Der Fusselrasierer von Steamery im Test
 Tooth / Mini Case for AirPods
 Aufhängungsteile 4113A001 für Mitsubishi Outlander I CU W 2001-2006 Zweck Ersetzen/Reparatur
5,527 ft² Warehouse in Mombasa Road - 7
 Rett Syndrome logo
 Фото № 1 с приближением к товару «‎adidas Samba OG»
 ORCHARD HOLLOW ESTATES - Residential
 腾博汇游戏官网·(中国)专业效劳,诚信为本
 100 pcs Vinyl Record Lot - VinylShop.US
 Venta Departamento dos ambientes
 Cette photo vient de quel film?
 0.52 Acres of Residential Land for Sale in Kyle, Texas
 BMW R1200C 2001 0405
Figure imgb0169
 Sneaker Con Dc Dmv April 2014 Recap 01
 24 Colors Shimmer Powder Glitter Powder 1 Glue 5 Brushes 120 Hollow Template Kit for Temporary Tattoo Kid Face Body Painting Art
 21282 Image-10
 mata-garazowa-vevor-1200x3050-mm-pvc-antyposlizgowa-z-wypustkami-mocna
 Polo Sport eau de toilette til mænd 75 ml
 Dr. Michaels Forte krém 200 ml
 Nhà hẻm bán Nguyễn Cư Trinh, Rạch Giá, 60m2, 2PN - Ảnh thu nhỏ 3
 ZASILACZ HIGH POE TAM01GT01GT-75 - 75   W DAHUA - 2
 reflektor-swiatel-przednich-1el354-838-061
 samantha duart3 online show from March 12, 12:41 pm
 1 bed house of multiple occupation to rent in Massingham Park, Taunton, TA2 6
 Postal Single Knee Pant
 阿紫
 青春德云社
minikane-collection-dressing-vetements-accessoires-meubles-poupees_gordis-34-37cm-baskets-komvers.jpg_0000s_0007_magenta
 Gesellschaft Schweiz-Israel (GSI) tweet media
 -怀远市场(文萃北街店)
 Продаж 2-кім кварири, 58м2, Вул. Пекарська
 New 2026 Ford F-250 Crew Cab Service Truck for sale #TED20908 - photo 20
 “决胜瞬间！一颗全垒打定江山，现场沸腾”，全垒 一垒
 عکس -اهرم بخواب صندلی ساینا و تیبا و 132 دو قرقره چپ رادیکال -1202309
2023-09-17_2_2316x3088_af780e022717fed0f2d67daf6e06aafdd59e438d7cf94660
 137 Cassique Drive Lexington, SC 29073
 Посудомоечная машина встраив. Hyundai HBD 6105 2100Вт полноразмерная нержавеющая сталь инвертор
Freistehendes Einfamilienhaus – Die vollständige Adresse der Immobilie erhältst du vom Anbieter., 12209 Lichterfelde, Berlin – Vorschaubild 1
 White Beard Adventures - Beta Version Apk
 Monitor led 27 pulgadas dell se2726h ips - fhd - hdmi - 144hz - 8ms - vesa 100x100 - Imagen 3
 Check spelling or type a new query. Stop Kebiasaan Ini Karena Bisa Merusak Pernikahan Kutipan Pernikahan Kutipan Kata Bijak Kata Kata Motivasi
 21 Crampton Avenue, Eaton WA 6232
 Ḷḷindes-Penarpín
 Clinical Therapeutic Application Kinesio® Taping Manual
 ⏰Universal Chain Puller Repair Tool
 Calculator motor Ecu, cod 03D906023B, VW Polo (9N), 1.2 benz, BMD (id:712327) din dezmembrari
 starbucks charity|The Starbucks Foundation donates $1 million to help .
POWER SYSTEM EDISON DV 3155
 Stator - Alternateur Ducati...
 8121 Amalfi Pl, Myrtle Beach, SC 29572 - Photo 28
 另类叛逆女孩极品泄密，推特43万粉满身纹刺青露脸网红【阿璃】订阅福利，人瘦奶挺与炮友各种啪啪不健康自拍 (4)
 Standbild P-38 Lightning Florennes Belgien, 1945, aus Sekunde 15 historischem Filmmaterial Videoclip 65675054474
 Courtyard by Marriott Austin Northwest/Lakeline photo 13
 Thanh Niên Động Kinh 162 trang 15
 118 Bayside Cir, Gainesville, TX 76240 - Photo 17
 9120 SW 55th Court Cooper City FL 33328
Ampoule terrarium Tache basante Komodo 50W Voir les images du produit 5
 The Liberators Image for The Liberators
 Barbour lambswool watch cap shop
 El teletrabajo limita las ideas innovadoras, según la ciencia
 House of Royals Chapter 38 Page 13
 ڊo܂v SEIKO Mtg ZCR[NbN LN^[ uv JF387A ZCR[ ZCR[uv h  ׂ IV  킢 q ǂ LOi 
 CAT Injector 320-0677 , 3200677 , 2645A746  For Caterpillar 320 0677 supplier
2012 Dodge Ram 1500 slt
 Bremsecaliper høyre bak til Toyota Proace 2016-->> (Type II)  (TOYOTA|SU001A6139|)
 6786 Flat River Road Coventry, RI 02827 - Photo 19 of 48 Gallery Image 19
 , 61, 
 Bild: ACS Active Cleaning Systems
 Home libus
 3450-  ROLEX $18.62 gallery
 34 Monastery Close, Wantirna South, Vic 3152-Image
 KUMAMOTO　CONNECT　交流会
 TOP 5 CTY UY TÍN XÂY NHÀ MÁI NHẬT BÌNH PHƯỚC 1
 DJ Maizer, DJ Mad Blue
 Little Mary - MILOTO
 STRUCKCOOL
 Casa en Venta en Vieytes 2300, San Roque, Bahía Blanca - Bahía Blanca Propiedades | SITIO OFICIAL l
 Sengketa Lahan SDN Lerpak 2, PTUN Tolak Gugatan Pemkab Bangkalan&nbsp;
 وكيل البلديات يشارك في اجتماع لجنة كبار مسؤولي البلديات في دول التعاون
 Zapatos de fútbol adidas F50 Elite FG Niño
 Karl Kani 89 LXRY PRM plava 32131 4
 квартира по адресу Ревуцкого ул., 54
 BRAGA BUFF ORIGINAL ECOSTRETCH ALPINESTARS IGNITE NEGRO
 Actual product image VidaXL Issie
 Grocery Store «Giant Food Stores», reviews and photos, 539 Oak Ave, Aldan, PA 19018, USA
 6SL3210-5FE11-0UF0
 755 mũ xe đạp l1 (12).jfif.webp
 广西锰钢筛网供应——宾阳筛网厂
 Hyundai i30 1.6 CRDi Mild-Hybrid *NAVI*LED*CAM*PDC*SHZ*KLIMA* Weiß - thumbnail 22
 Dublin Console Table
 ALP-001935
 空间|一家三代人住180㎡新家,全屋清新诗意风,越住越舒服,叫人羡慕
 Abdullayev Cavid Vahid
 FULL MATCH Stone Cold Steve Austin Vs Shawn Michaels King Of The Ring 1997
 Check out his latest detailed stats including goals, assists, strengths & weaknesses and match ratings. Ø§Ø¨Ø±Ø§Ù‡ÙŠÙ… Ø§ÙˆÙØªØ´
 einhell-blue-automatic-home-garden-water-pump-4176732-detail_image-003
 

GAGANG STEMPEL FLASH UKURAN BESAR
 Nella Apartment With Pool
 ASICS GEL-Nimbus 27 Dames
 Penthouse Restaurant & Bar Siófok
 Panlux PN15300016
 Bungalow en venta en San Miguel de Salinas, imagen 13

###

EXERCISE GOAL: Set down the whole listing again, exactly as shown above.

RESPONSE:
Der Fusselrasierer von Steamery im Test
 Tooth / Mini Case for AirPods
 Aufhängungsteile 4113A001 für Mitsubishi Outlander I CU W 2001-2006 Zweck Ersetzen/Reparatur
5,527 ft² Warehouse in Mombasa Road - 7
 Rett Syndrome logo
 Фото № 1 с приближением к товару «‎adidas Samba OG»
 ORCHARD HOLLOW ESTATES - Residential
 腾博汇游戏官网·(中国)专业效劳,诚信为本
 100 pcs Vinyl Record Lot - VinylShop.US
 Venta Departamento dos ambientes
 Cette photo vient de quel film?
 0.52 Acres of Residential Land for Sale in Kyle, Texas
 BMW R1200C 2001 0405
Figure imgb0169
 Sneaker Con Dc Dmv April 2014 Recap 01
 24 Colors Shimmer Powder Glitter Powder 1 Glue 5 Brushes 120 Hollow Template Kit for Temporary Tattoo Kid Face Body Painting Art
 21282 Image-10
 mata-garazowa-vevor-1200x3050-mm-pvc-antyposlizgowa-z-wypustkami-mocna
 Polo Sport eau de toilette til mænd 75 ml
 Dr. Michaels Forte krém 200 ml
 Nhà hẻm bán Nguyễn Cư Trinh, Rạch Giá, 60m2, 2PN - Ảnh thu nhỏ 3
 ZASILACZ HIGH POE TAM01GT01GT-75 - 75   W DAHUA - 2
 reflektor-swiatel-przednich-1el354-838-061
 samantha duart3 online show from March 12, 12:41 pm
 1 bed house of multiple occupation to rent in Massingham Park, Taunton, TA2 6
 Postal Single Knee Pant
 阿紫
 青春德云社
minikane-collection-dressing-vetements-accessoires-meubles-poupees_gordis-34-37cm-baskets-komvers.jpg_0000s_0007_magenta
 Gesellschaft Schweiz-Israel (GSI) tweet media
 -怀远市场(文萃北街店)
 Продаж 2-кім кварири, 58м2, Вул. Пекарська
 New 2026 Ford F-250 Crew Cab Service Truck for sale #TED20908 - photo 20
 “决胜瞬间！一颗全垒打定江山，现场沸腾”，全垒 一垒
 عکس -اهرم بخواب صندلی ساینا و تیبا و 132 دو قرقره چپ رادیکال -1202309
2023-09-17_2_2316x3088_af780e022717fed0f2d67daf6e06aafdd59e438d7cf94660
 137 Cassique Drive Lexington, SC 29073
 Посудомоечная машина встраив. Hyundai HBD 6105 2100Вт полноразмерная нержавеющая сталь инвертор
Freistehendes Einfamilienhaus – Die vollständige Adresse der Immobilie erhältst du vom Anbieter., 12209 Lichterfelde, Berlin – Vorschaubild 1
 White Beard Adventures - Beta Version Apk
 Monitor led 27 pulgadas dell se2726h ips - fhd - hdmi - 144hz - 8ms - vesa 100x100 - Imagen 3
 Check spelling or type a new query. Stop Kebiasaan Ini Karena Bisa Merusak Pernikahan Kutipan Pernikahan Kutipan Kata Bijak Kata Kata Motivasi
 21 Crampton Avenue, Eaton WA 6232
 Ḷḷindes-Penarpín
 Clinical Therapeutic Application Kinesio® Taping Manual
 ⏰Universal Chain Puller Repair Tool
 Calculator motor Ecu, cod 03D906023B, VW Polo (9N), 1.2 benz, BMD (id:712327) din dezmembrari
 starbucks charity|The Starbucks Foundation donates $1 million to help .
POWER SYSTEM EDISON DV 3155
 Stator - Alternateur Ducati...
 8121 Amalfi Pl, Myrtle Beach, SC 29572 - Photo 28
 另类叛逆女孩极品泄密，推特43万粉满身纹刺青露脸网红【阿璃】订阅福利，人瘦奶挺与炮友各种啪啪不健康自拍 (4)
 Standbild P-38 Lightning Florennes Belgien, 1945, aus Sekunde 15 historischem Filmmaterial Videoclip 65675054474
 Courtyard by Marriott Austin Northwest/Lakeline photo 13
 Thanh Niên Động Kinh 162 trang 15
 118 Bayside Cir, Gainesville, TX 76240 - Photo 17
 9120 SW 55th Court Cooper City FL 33328
Ampoule terrarium Tache basante Komodo 50W Voir les images du produit 5
 The Liberators Image for The Liberators
 Barbour lambswool watch cap shop
 El teletrabajo limita las ideas innovadoras, según la ciencia
 House of Royals Chapter 38 Page 13
 ڊo܂v SEIKO Mtg ZCR[NbN LN^[ uv JF387A ZCR[ ZCR[uv h  ׂ IV  킢 q ǂ LOi 
 CAT Injector 320-0677 , 3200677 , 2645A746  For Caterpillar 320 0677 supplier
2012 Dodge Ram 1500 slt
 Bremsecaliper høyre bak til Toyota Proace 2016-->> (Type II)  (TOYOTA|SU001A6139|)
 6786 Flat River Road Coventry, RI 02827 - Photo 19 of 48 Gallery Image 19
 , 61, 
 Bild: ACS Active Cleaning Systems
 Home libus
 3450-  ROLEX $18.62 gallery
 34 Monastery Close, Wantirna South, Vic 3152-Image
 KUMAMOTO　CONNECT　交流会
 TOP 5 CTY UY TÍN XÂY NHÀ MÁI NHẬT BÌNH PHƯỚC 1
 DJ Maizer, DJ Mad Blue
 Little Mary - MILOTO
 STRUCKCOOL
 Casa en Venta en Vieytes 2300, San Roque, Bahía Blanca - Bahía Blanca Propiedades | SITIO OFICIAL l
 Sengketa Lahan SDN Lerpak 2, PTUN Tolak Gugatan Pemkab Bangkalan&nbsp;
 وكيل البلديات يشارك في اجتماع لجنة كبار مسؤولي البلديات في دول التعاون
 Zapatos de fútbol adidas F50 Elite FG Niño
 Karl Kani 89 LXRY PRM plava 32131 4
 квартира по адресу Ревуцкого ул., 54
 BRAGA BUFF ORIGINAL ECOSTRETCH ALPINESTARS IGNITE NEGRO
 Actual product image VidaXL Issie
 Grocery Store «Giant Food Stores», reviews and photos, 539 Oak Ave, Aldan, PA 19018, USA
 6SL3210-5FE11-0UF0
 755 mũ xe đạp l1 (12).jfif.webp
 广西锰钢筛网供应——宾阳筛网厂
 Hyundai i30 1.6 CRDi Mild-Hybrid *NAVI*LED*CAM*PDC*SHZ*KLIMA* Weiß - thumbnail 22
 Dublin Console Table
 ALP-001935
 空间|一家三代人住180㎡新家,全屋清新诗意风,越住越舒服,叫人羡慕
 Abdullayev Cavid Vahid
 FULL MATCH Stone Cold Steve Austin Vs Shawn Michaels King Of The Ring 1997
 Check out his latest detailed stats including goals, assists, strengths & weaknesses and match ratings. Ø§Ø¨Ø±Ø§Ù‡ÙŠÙ… Ø§ÙˆÙØªØ´
 einhell-blue-automatic-home-garden-water-pump-4176732-detail_image-003
 

GAGANG STEMPEL FLASH UKURAN BESAR
 Nella Apartment With Pool
 ASICS GEL-Nimbus 27 Dames
 Penthouse Restaurant & Bar Siófok
 Panlux PN15300016
 Bungalow en venta en San Miguel de Salinas, imagen 13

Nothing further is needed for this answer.